My Lords, I rise to speak to the first group of amendments which relate to the proposals for children not in school registers. If I may, I would like to start by thanking the noble Baroness, Lady Chapman, and the noble Lord, Lord Storey, for their very constructive remarks in setting the context in which these measures are being introduced. I would also like to echo the noble Baroness opposite’s remarks regarding the noble Lord, Lord Storey, and his, as she said, very sensitive and kind work on this. Obviously, sensitivity and kindness are really important, because we are talking about parents who care desperately that their children get the right education, and all of us as parents can recognise how important that is.
Amendments 64B and 72A, from my noble friend Lord Wei, seek to narrow the eligibility criteria for the registers. Local authorities would still need to make inquiries and hold certain information to ascertain a child’s eligibility to be on the register, and indeed to check whether a child is at risk of harm. This is not materially different to local authorities recording this information in a register, except that the effect of these amendments would hinder local authorities from discharging their existing duties. The House has already heard reflections from the noble Baronesses, Lady Jones and Lady Chapman, about the pressures that local authorities are under.
It is vital that the registers contain information on all children not in school. The registers are there not just for safeguarding reasons but also to aid local authorities to undertake existing responsibilities to ensure education being provided is suitable, to help them identify children who are truly missing education, which will become easier once we know where all children not in school are, and, critically, to help them to discharge their new duty to provide support to home-educating families. As other noble Lords have said, this in no way diminishes the rights of any parent to decide to educate their child at home.
My noble friend talked about the lack of opportunities for appeal and complaints. There are a number of routes for complaints available for parents in relation to school attendance orders. First, they can ask the local authority to revoke the order, and the local authority must act reasonably in deciding whether or not to agree to this. If the local authority refuses, the parents can appeal to the Secretary of State to give direction; the Secretary of State will consider each case individually and will make a balanced judgment on the information available, and has the power to direct the local authority to revoke a school attendance order. The Education Act 1996 also gives the Secretary of State powers to intervene when a local authority exercises its functions unreasonably or fails to comply with duties under that Act. We are also looking at how we can strengthen independent oversight of local authorities and considering alternative routes of complaint for home-educating parents.
I will also write to my noble friend, and to the House, to clarify once again the fact that the failure to provide information to a local authority is not criminal. Rather it starts the whole process for a school attendance order, but in the interests of time I will set that out in a letter.

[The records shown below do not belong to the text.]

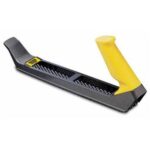 PLAINA STANDARD METAL 255mm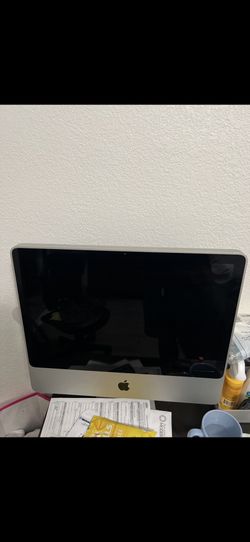 Apple Imac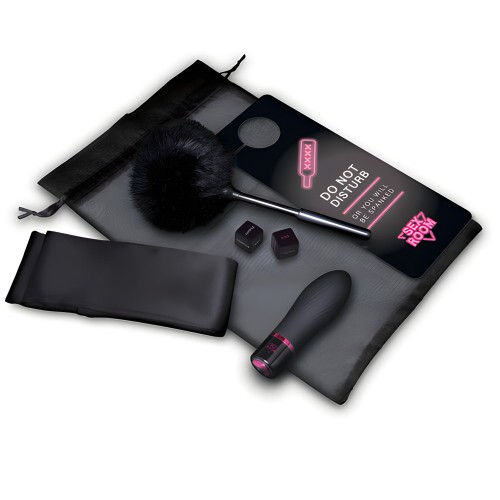 Sex Room Vibe Kit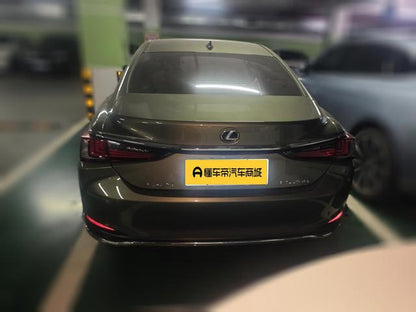 Certificated Pre-Owned Lexus ES 2022 200 Premium Edition - u22589279
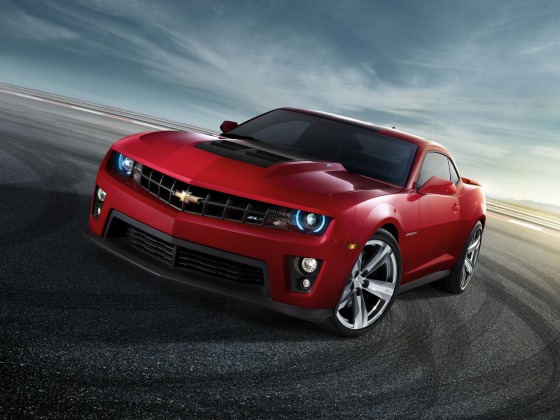 General Motors is recalling Chevrolet Camaros for an issue with the ignition key fob.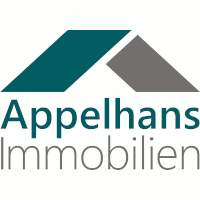 Das Logo von Appelhans Immobilien GmbH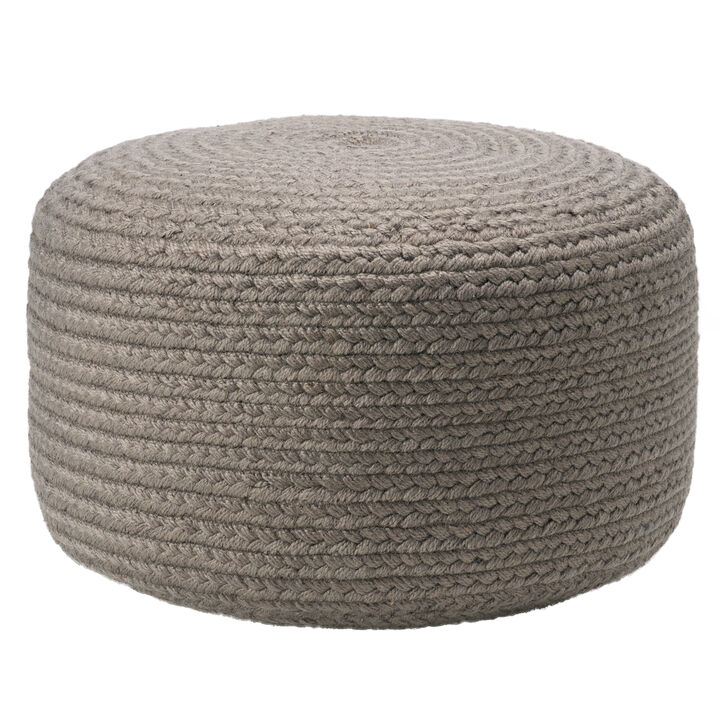 Saba Solar Pouf Collection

I also thank my noble friend Lord Lucas and the right reverend Prelate the Bishop of St Albans, and, on his behalf, the right reverend Prelate the Bishop of Carlisle, for their Amendments 65 to 66A. The measures in the Bill do not give local authorities any new powers to monitor, assess or dictate the content of education. The right reverend Prelate talked about a “cloud of suspicion”, and I think it would be unfortunate if he was right about that. We have striven to be clear about the scope of the powers and when any new powers are required. We are of the view that local authorities’ existing powers are already sufficient to assess the suitability of the education being provided. Therefore, I would like to be clear that the phrase in the Bill
“the means by which the child is being educated” does not include the content of the education itself. I am happy to put that on the record. It is limited to matters such as whether the child is taught entirely at home or also attends education settings, which settings they are, and how much of their time the child spends there.

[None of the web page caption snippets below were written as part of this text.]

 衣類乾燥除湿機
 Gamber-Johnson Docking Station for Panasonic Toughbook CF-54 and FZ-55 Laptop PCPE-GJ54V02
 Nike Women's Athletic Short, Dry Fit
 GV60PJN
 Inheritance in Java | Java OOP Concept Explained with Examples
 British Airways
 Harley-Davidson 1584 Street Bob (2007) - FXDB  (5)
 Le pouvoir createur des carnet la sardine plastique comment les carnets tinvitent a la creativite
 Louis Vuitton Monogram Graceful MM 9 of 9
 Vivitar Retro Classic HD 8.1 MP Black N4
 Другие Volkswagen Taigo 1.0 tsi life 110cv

It is important to keep this existing drafting to ensure that local authority registers not only include information on where a child is being educated other than at school, such as entirely at home or at out-of-school education providers, but what proportion of their education they are receiving at those settings. Capturing this information will help local authorities identify those children who may be receiving most, if not all, of their education in unsuitable settings, such as illegal schools. Regulations will set out the details of the child’s education provision to be included in registers, as well as whether or not a child is assessed to be receiving a suitable education. I have tabled Amendment 86 to enable these, and other regulations concerning the collection and sharing of data, to be subject to increased parliamentary scrutiny.
Turning to Amendment 67, I reassure the noble Baroness, Lady Brinton, that it is already the Government’s intention, through regulations, to require local authorities to record the reasons why a child is eligible for registration, and Amendments 68, 69 and 73 in my name make provision for this. We believe that this information will be invaluable for understanding why parents may be home educating, including identifying systemic issues such as insufficient SEN support or off-rolling—all concerns that your Lordships have raised, rightly, during the passage of the Bill.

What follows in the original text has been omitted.